Yabancı düşmanlığına parelel olarak getolaşma da artıyor.Bazı şehirlerde bazı mahalleler Türk Mahallesi olarak anılıyor.Her ulusun vatandaşları kendi kabuğuna çekilmiş, kendi dünyasını yaşıyor artık.Biz Türkler için bu şu anlama gelebiliyor denebilir : Ülke içinde bir devlet gibi.Önceki yıllarda olan Almanlarla karşılıklı diyaloglar neredeyse kopma noktasına geldi diyebiliriz.Buna bir de bazı tarikat hocalarının gençlerimizi Alman Toplumuna karşı bir anlayış ile okuttuğu gençlerimizi eklerseniz, hiç de hoş bir tablo değil.Yaşadığın toplumla barışık yaşama yerine karşıt bir anlayışla yaşam tarzı.
Bulunduğumuz Nordrein-Westfaalen Eyaletinde çalışan öğretmenlerle bu eyalet adını taşıyan Türk Öğretmenleri Derneği kurduk.Kısa adı ; NRW-TÖD ve seminerlerimize yetkin modaratörleri davet eder kendimizi bilgilendirmeye, yetiştirmeye çalışırdık.Bir defasında Prof.Dr.Faruk Şen’i davet etmiştik, seksenli yılların başlarıydı ve bize ta o zamanlar, Türklerin Alman Toplumundaki yerini anlatmıştı.Alman Toplumunu bir piramide benzeterek zirvede cumhurbaşkanı olmak üzere, biz Türkleri de piramidin en tabanına yerleştirmişti, ekledi : „ Türkler piramidin tabanında kaldığı müddetçe sorun çıkmaz, ama ne aman Türkler zorlayarak zirveye doğru yönelirse, ki rakip olmuş oluyor, o zaman kıskançlık olabilir.“
Dediği gibi de oldu, Türklerin eski konumu kalmadı artık, her branşta yavaş yavaş söz sahibi olmaya başladılar.

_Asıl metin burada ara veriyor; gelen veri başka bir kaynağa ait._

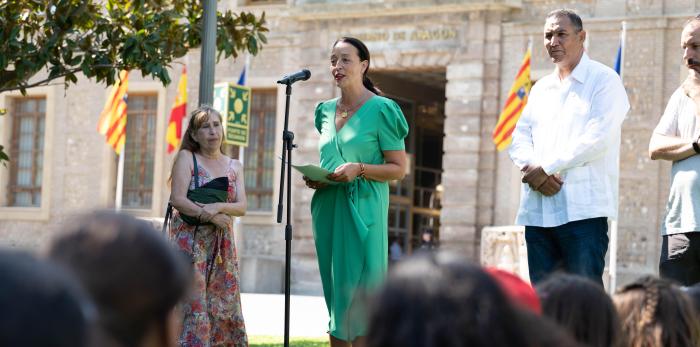 La consejera de Bienestar Social y Familia recibe a los niños saharauis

Ben, okullarda değil ama hobi bahçemdeki iki Almanın açık açık Türk düşmanlığı yaptığını yaşadım, hala da devam ediyor.Benim yönetim kuruluna seçilmeme resmen karşı olduğu gibi açık açık söylüyor : „Senin bu dernekte söz hakkın yok.“
Buna benzer, komşuluklarda, çeşitli yerlerde zaman yaşıyorum.